Un débat, ça se regarde. Tout comme nous sommes passés de personnes qui jouent au football à des personnes qui regardent d’autres personnes jouer au football, nous regardons des gens débattre à la télévision. Soit. Je crois qu’il n’y a rien à ajouter. Si ce n’est que dans le cadre du football, ou d’autres sports d’ailleurs, le niveau de ceux que l’on regarde dépasse généralement largement celui du télespectateur. On ne peut pas vraiment en dire autant des débats télévisés, radiophoniques, dans la presse ou sur internet.
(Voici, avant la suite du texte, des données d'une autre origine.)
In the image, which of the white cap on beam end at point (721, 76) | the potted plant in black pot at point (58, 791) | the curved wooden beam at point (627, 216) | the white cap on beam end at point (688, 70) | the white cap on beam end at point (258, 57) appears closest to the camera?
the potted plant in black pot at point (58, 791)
D’un côté : Ronaldo, Rooney, Messi et de l’autre : Onfray, Zemmour, Glucksmann ; il n’y a pas photo ! Soyons en sûr : les débats diffusés sur France 2, France 5 ou Canal + ne valent pas mieux que ceux sur Facebook ou Twitter, qui ne sont guère plus instructifs que ceux du café de La Poste de Narbonne !... En plus du niveau des débats, ce sont les thèmes récurrents et imposés qui sont épuisants et décourageants. Faites preuve d’un peu d’imagination, messieurs Ruquier, Cohen, Pujadas, Calvi, ou mesdames Salamé et Polony. Mais ça, c’est vraiment loin, très loin de vous... Vous croyez vraiment que l’on peut sérieusement avoir de l’intérêt pour des interminables et futiles discussions sur la laïcité, le temps de travail, la lutte contre le terrorisme ou le chômage ? Tout le monde s’en fout ! Enfin surtout moi peut être... Les gens ne voient pas plus loin que le bout de leur nez bouché ; ils ne voteront que pour l’imbécile qui leur dira ce qu’ils ont envie d’entendre, tout ce qui va dans leur intérêt, certainement pas par altruisme d’un monde meilleur ou je ne sais quelle connerie. Les écologistes soignent leurs consciences, pas la planète. Ou alors ils font du business. Etiquetté bio, mais du business quand même.


A 35 mètres de chez moi se trouve un panneau d’affichage libre, sur lequel il ne se passe généralement pas grand chose, si ce n’est une publicité pour un cirque l’annèe dernière. Mais depuis trois semaines, l’activité s’est décuplée : deux affiches de campagne de Philippe Poutou, « candidat ouvrier et anticapitaliste », sont venues décorer le panneau. Trois jours après, elles ont été recouvertes par trois affiches d’Emmanuel Macron ! « En marche ! » Le lendemain, c’est la tête de Marine Le Pen qui s’est incrustée, aussitôt arrachée, sans doute par un défenseur de la liberté d’expression... Vivement demain, j’espère un mélange des trombines de Mélenchon et Hamon !... Fillon pour sa part a d’autres chats à fouetter que de coller des affiches en ce moment. Toute cette activité représente l’allégorie parfaite du débat d’idées de la campagne presidentielle 2017. Toujours la même équation : des affiches avec leurs tronches, un slogan creux et fertile sur un fond bleu ou rouge... qui viennent s’entasser, se mélanger, se dissoudre... Rien de nouveau sous le soleil... Caramels, bonbons et chocolats...

De toute façon, le meilleur argument contre les débats, ce sont les débats eux-mêmes. Il suffit de voir, lire, écouter. Pour finir d’enfoncer le clou, immergeons-nous dans cet océan de lucidité : « Bien loin d’éclaircir les questions comme on le suppose d’ordinaire, la discussion, le plus souvent, ne fait guère que les déplacer, sinon les obscurcir davantage ; et le résultat le plus habituel est que chacun, en s’efforçant de convaincre son adversaire, s’attache plus que jamais à sa propre opinion et s’y enferme d’une façon encore plus exclusive qu’auparavent. En tout cela, au fond, il ne s’agit pas d’arriver à la connaissance de la vérité, mais d’avoir raison malgré tout, ou tout au moins de s’en persuader soi-même, si l’on ne peut en persuader les autres, ce qu’on regrettera d’ailleurs d’autant plus qu’il s’y mêle toujours ce besoin de « prosélytisme » qui est encore un des éléments les plus caractéristiques de l’esprit occidental. »1

...merci pas pour moi, mais tu peux bien les offrir à une autre...

Ne serait-il pas venu le temps de la sagesse et des actes ? Le temps de la volonté véritable et des preuves de celle-ci ? L’heure est à l’anéantissement des débats et à la bénédiction de la réalité ! Le concret doit soumettre l’abstrait à son destin. Abstenons-nous de débattre et vivons la réalité qui parle d’elle-même.